# [Problem statement]
Your answer should be a single number: how many lines in the data below hold the string "Dress".

# [Available data]
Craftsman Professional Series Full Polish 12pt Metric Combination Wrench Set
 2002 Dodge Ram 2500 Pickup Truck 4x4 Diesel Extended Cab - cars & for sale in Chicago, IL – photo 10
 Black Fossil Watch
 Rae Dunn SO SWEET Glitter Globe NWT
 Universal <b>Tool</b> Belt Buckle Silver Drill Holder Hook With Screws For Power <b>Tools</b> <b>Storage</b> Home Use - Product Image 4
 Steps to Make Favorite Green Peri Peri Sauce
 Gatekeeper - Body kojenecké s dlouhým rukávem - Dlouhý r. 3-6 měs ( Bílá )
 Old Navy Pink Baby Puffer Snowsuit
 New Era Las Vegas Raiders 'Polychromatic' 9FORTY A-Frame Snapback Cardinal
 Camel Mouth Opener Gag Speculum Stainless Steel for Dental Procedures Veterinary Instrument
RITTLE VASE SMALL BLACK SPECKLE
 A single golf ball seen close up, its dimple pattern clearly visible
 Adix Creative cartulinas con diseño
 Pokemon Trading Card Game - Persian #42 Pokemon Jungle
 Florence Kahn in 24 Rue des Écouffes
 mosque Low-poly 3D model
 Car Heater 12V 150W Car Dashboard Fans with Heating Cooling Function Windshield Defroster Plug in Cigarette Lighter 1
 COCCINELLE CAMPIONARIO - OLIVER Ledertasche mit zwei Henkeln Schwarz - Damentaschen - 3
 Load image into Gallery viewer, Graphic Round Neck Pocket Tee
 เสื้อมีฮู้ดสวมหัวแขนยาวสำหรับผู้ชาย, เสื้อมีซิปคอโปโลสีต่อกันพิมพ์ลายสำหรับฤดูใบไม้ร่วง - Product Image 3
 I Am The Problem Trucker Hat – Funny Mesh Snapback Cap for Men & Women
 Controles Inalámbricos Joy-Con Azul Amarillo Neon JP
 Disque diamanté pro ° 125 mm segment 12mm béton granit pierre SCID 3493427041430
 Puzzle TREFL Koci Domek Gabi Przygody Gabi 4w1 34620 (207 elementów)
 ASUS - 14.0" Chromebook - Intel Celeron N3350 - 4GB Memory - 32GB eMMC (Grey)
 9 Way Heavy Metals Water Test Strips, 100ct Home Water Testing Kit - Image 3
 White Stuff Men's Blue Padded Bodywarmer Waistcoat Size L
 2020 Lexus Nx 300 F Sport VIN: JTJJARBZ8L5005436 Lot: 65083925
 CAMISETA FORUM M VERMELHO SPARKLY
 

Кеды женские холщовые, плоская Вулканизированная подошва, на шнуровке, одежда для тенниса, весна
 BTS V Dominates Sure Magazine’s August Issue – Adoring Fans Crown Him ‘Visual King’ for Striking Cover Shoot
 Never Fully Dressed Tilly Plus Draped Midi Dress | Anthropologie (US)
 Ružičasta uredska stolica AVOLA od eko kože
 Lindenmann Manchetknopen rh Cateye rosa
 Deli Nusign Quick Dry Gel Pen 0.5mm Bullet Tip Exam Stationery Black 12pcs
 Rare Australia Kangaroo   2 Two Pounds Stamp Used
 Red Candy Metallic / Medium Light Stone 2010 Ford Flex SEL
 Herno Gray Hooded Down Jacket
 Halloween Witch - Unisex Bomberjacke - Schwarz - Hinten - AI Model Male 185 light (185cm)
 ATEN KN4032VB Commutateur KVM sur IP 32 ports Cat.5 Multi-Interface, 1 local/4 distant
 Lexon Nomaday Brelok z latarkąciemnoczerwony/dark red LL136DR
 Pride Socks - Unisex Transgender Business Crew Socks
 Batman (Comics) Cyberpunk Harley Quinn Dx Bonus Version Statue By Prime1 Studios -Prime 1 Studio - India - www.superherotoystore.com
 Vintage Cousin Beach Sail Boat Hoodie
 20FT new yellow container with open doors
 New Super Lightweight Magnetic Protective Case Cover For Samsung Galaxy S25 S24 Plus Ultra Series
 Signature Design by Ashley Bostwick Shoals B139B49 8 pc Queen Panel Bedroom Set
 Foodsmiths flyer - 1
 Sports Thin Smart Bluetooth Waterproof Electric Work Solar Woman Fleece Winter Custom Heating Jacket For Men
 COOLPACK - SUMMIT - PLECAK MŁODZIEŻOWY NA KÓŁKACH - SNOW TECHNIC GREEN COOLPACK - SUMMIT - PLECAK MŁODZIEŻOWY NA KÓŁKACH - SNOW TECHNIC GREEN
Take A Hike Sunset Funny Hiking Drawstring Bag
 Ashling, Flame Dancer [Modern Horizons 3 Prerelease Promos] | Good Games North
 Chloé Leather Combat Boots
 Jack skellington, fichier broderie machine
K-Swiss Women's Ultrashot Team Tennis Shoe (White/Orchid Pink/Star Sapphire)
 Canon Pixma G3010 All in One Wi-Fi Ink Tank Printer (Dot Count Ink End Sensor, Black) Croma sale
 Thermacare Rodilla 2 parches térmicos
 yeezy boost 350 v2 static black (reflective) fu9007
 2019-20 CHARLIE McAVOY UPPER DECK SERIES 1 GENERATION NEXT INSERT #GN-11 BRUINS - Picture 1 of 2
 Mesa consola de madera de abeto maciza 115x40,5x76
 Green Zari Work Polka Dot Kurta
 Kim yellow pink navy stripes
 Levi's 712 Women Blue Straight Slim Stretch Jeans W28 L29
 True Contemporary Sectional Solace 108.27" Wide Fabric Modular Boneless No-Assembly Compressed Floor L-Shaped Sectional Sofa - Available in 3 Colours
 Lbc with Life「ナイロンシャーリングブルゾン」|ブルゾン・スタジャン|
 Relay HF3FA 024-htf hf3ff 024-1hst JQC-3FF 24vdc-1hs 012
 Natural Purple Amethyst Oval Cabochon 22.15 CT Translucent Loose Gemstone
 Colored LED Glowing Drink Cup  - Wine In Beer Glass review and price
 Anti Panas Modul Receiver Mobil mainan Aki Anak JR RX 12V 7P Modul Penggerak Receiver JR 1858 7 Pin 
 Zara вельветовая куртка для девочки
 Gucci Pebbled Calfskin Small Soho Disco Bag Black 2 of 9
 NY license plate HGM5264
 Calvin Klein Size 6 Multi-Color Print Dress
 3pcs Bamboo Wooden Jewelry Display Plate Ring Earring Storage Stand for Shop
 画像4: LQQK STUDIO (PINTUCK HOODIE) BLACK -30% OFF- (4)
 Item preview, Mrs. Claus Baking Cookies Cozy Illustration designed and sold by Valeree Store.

# [Exercise output]
2